A las puertas del Dakota
Ya han pasado 40 años del asesinato de Lennon y seguimos teniendo marcada esa fecha en nuestro calendario mental. No todos, claro: hace falta tener una edad (o dos) para tener presente la siniestra efeméride. Los que vivimos el crimen prácticamente en directo solemos recordar por estas fechas qué estábamos haciendo cuando el pobre tarado de Mark David Chapman acribilló a balazos a Lennon en la entrada del edificio de Nueva York en el que vivía junto a Yoko Ono, el célebre e imponente Dakota, donde se había rodado la película de Roman Polanski La semilla del diablo. Yo acababa de llegar a Los Ángeles tras casi un mes en Nueva York, donde había adquirido el nuevo álbum de John y Yoko, Double fantasy, sin saber que sería el último. Me quedé, pues, sin participar de la triste histeria colectiva que se impuso en la ciudad tras la muerte de Lennon, que seguí puntualmente, eso sí, desde la otra costa a través de la prensa y del diario The Los Angeles Times. Mi principal sensación era la de que, en cierta manera, se había acabado una época, pero esa sensación la experimenté varias veces más en las décadas siguientes y ahora cada día, aunque me temo que en este caso se debe principalmente a mi edad, que empieza a ser provecta. Como Tintín y James Bond, Lennon siempre había estado allí para mí desde la tierna edad de seis años, cuando los Beatles publicaron en 1962 su primer single, Love me do. Faltaban unos cuantos años para la muerte de Hergé y algunos más para que 007 tuviese la cara de un tipo que se parecía a Vladimir Putin. Podríamos decir que Lennon fue mi primer muerto mediático, si descontamos a la pobre Sharon Tate, tanto en la realidad como en la ficción. Y durante mis primeros días en Los Ángeles me entregué a una especie de largo funeral personal a través de los medios de comunicación cuya banda sonora era ese Double fantasy del que me gustaban hasta las canciones de Yoko Ono, que ya es decir.
Curiosamente, mi interés por Lennon era (y sigue siendo) más social y musical que personal.
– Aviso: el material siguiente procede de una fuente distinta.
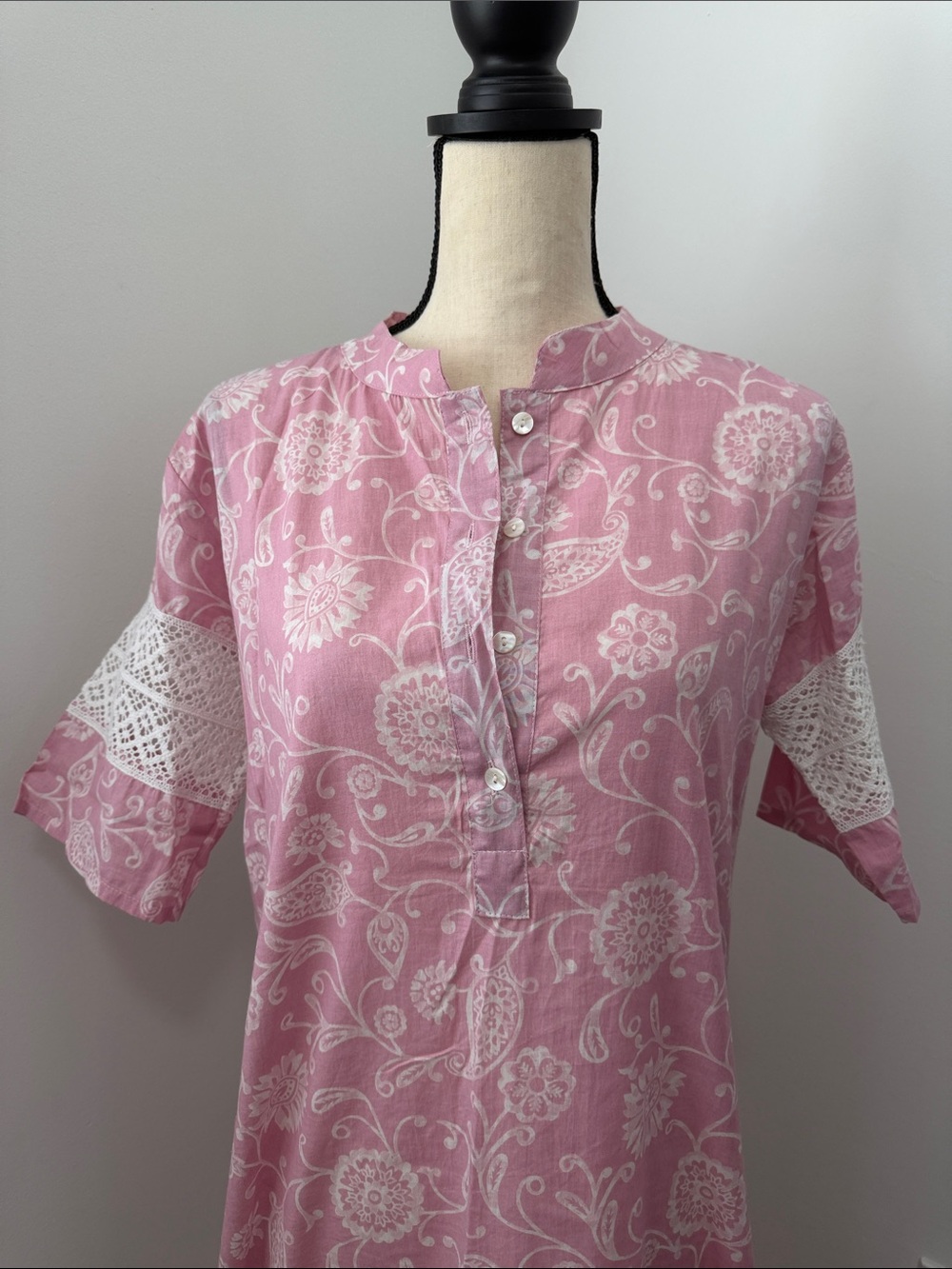 Julia Amory Pink and White Majorelle Caftan Paisley Maxi Dress.  Sz M - Picture 5 of 12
Nunca me creí que fuera el Beatle vanguardista y cool en comparación con McCartney, al que la leyenda negra de la banda ha convertido, sin merecerlo, en un blandengue conservador. Su activismo político siempre me pareció un tanto ridículo, y la dependencia de Yoko, lamentable: no se me quita de la cabeza una foto de Lennon y su compinche Harry Nilsson siendo echados a patadas de un bar de Los Ángeles --cocidos no, lo siguiente-- durante el año de vacaciones que le impuso la parienta porque, según decía ésta, dependía en exceso de ella. Supongo que el hombre buscó la felicidad donde pudo --su madre se lo pasó a su tía de pequeño y, encima, fue atropellada por un coche a la puerta de la casa de ésta-- y la encontró en aquella asiática bajita y con el culo plano que parecía estar detrás de todas sus iniciativas socio-políticas (no quiero añadir más clavos al ataúd de Yoko, pero algo me dice que fue la responsable de que a su marido lo vigilara el FBI).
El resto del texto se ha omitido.